Layer normalization enables faster training by preventing the values in each layer from changing heavily.

### The decoder

In the same way as the encoder, we can have a stack of N decoders (for the example, we assume that N=2). The representation of the sequence produced by the encoders is the input of all decoders; that is, a decoder receives two inputs, one from the previous decoder and the representation made by the encoder.

To understand how the decoder generates the target sentence, let’s look at the following image that describes the input to the decoder as a time series.

At each time step, the decoder matches the newly generated word to the input and predicts the following input. Once token <eos> is generated, the decoder has finished generating the target sentence.

Like the input embedding for the encoders, the sentence “<sos> El cielo es azul” must be embedded to feed the decoders.

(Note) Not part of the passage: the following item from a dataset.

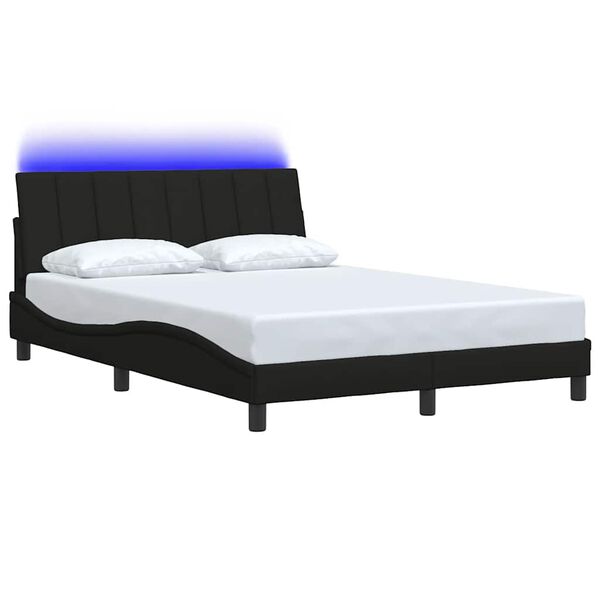 vidaXL Cadre de lit sans matelas Hanko noir 140x200 cm tissu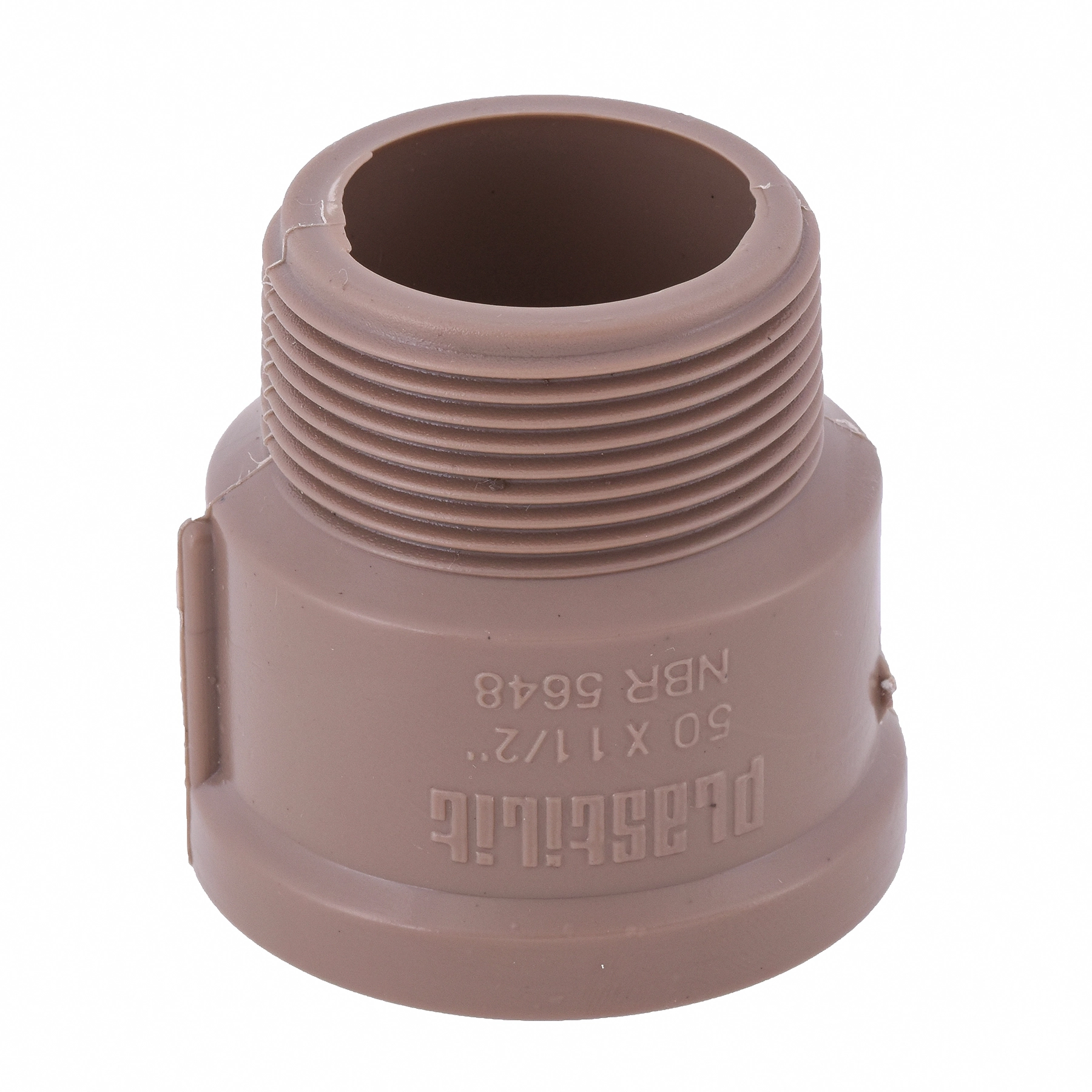 Adaptador PVC Marrom Roscável e Soldável 1.1/2" 50mm Plastilit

To understand how the decoder works, you must explore its components in the image below:

During a test, the decoder will generate words as long as there is a previous value; that is, for the input at “t2: <sos> El”, the model is trained only with the tokens <sos> and El, and the attention mechanism must match the words only up to the word El and not for the missing words in the sentence. The rest of the words in the sequence can be masked, which helps the attention mechanism to attend only to the words available during the tests.

We must compute the attention matrix Z the same way as we have been doing it, with the difference that the values corresponding to the masked word of the sentence receive a value of -\infty. For example:

With this, we can get the final attention matrix as we did for the encoder, and this matrix will feed the next layer of multi-head attention.

Masked \; multihead \; attention=Concatenate\left ( Z_1, Z_2, Z_3, Z_4, Z_5, Z_6, Z_7, Z_8 \right ) \cdot W_0

In the previous image, you can see the internal details of the decoders, and each multi-head attention layer receives the representation R of the output of the encoders and the masked multi-head attention M of the previous layer. Due to this layer’s interaction between the decoder and the encoder, it is also called encoder-decoder attention.

To calculate the attention mechanism, we obtain the query matrix “query matrix” Q using the matrix M; and the matrices K and V using the matrix R.

• Q_i = M \times W_i^Q
• K_i = R \times W_i^K
• V_i = R \times W_i^V

Q_i represents the target sentence obtained from M, and the matrices K and V contain the representation R obtained from the encoders.

Following the procedure for obtaining the self-attention matrix:

Z_i=Softmax\left ( \frac{Q_iK_{i}^{T}}{\sqrt{d_k}} \right ) \cdot V_i

When computing the product Q_iK_{i}^{T}, we will observe that the result will contain a matrix that approximates the identity matrix, which helps us understand how similar Q (which represents the target sentence) is to the matrix K (representing the source sentence). For example:

The attention matrix is obtained in the same way as in the previous sections:

Multihead \; attention=Concatenate\left ( Z_1, Z_2, Z_3, Z_4, Z_5, Z_6, Z_7, Z_8 \right ) \cdot W_0

### Feedforward Network

This layer in the decoder works the same way as in the encoder. The add and norm component connects the input and output sublayer, as shown in the following picture:

### Linear and Softmax Layer

The decoder learns the target sentence’s representation, which will be fed to the linear and softmax layers.

##### Linear Layer

This layer generates the logits with the size of the vocabulary. Assuming the vocabulary is:

Vocabulary=\left [ azul, cielo, El, es \right ]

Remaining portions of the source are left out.